Post‑secondary schools raised $229K for student food security projects on Giving Tuesday

- December 15, 2023

Together, nine Nova Scotia universities and NSCC exceeded their collective goal and raised $228,960 to improve food security for their students as part of Giving Tuesday (Nov. 28, 2023). 

Led by Dalhousie, fundraising efforts also took place at Acadia, Cape Breton University, the University of King’s College, Mount Saint Vincent, the Nova Scotia College of Art and Design (NSCAD), Nova Scotia Community College (NSCC), Saint Mary’s, Saint Francis Xavier and l’Université Sainte-Anne to benefit student-run food banks and programs on all campuses.

With the generous support of Dal alumni and community members, Dalhousie’s Food Security Project exceeded its goal and raised $72,550 for the DSU Food Bank and Agricultural Campus Food Pantry. The average gift was $132, with the highest group gift coming from the Dalhousie Faculty Association ($3,000). There were 10 individuals who gave $1K each, most of whom have been loyal supporters over the years. Geographically, gifts came from coast to coast of Canada, the United States, Mexico and India. 

Folks gave for all sorts of reasons, like campaign supporter Joseph Macdonald who says, “The last thing we should allow to get in the way of student success is hunger.” 

A province-wide movement

Now in its fourth year, the Food Security Project is a province-wide movement, with post-secondary communities across Nova Scotia rallying to meet the urgent needs of students. With generous matching support from the J & W Murphy Foundation, the project has exceeded its goal for four years running.

Food prices have risen between five and seven per cent in 2023 according to Canada’s Food Price Report. The rising cost of living also means resources that might previously have been allocated for groceries now get poured into inflated rents, transportation costs and other daily necessities. Many students work multiple jobs just to make ends meet, which doesn’t leave much time or energy to source and create the healthy meals they need to fuel their minds and bodies.
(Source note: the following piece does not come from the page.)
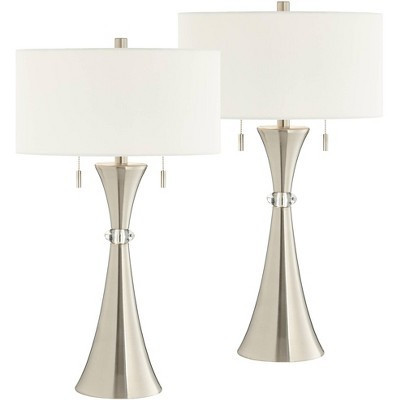 360 Lighting Rachel Modern Table Lamps 28" Tall Set of 2 Concave Column Hourglass Metal White Drum Shade for Bedroom Living Room Bedside Nightstand | Target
Lisa Murphy, left, and her sister, Karen Spaulding, co-directors of the J & W Murphy Foundation.

Removing barriers

“We need to remove barriers to education, and food insecurity is one of those barriers,” says Dr. Joël Dickinson, president and vice-chancellor of Mount Saint Vincent University. “We’re sincerely grateful to the J & W Murphy Foundation for their generous matching gift that will help make nutritious food available to students in need of support.”

The Murphys remain steadfast in their support of the project, and Lisa Murphy says they are most proud of the teamwork and creativity at the heart of the campaign. “For the fourth year in a row, Dalhousie and its university and college partners throughout the province joined forces, and for the fourth year in a row, we are blown away by the generosity of alumni, faculty, staff and friends,” she says. “We know our students are experiencing more instability than ever before. That’s why the J & W Murphy Foundation remains passionately committed to Giving Tuesday.”
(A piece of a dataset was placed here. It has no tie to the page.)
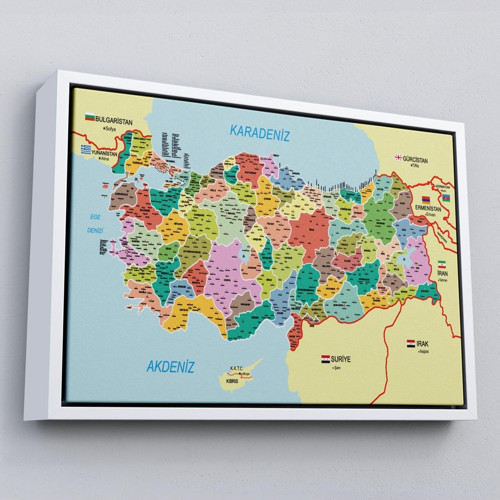 Çerçeveli Türkiye Haritası Kanvas Tablo İl Ve İlçeli Ayrıntılı Eğitici Komşulu Tablo-3012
Full shelves and full hearts

In Truro at Dal’s Agricultural Campus, Food Pantry manager Alexe Indigo says beyond raising much-needed funds, the Food Security Project also raises awareness surrounding the food insecurity students are facing. “Our shelves (and our hearts) here at the Pantry are full,” Indigo says, emphasizing how grateful the Pantry team is to everyone who contributed. “We will be able to provide sufficient, safe and nutritious food to students in need throughout the exam period and winter break.” 

Michelle McMullin, manager of annual giving at Saint Mary’s University, sums up the whole initiative nicely: “Giving Tuesday is one of my absolute favourite days of the year,” she says. “I get to watch so many individuals and organizations answer the call and show our community how much we all care about each other.”